--- Given entries ---
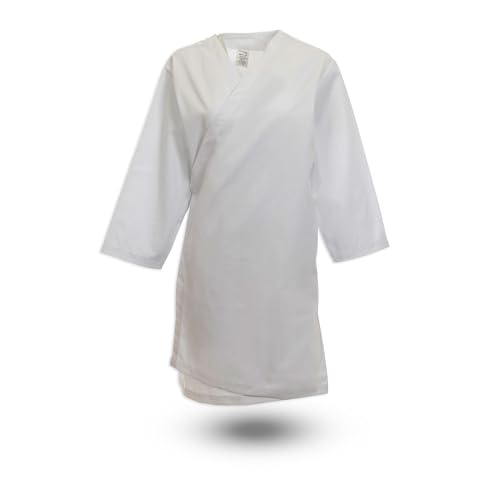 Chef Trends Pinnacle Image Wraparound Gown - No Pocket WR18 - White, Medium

--

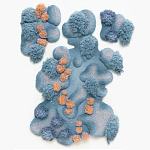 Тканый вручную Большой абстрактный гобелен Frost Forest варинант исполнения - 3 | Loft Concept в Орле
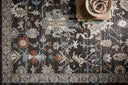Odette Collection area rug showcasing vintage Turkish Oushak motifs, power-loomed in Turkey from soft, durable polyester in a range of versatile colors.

--- Aim of the task ---
Would you print exactly the lines in the listing above, from the line bearing "Тканый вручную Большой" through the line bearing "Odette Collection area", leaving out all pictures?

--- Finished exercise ---
 Тканый вручную Большой абстрактный гобелен Frost Forest варинант исполнения - 3 | Loft Concept в Орле
Odette Collection area rug showcasing vintage Turkish Oushak motifs, power-loomed in Turkey from soft, durable polyester in a range of versatile colors.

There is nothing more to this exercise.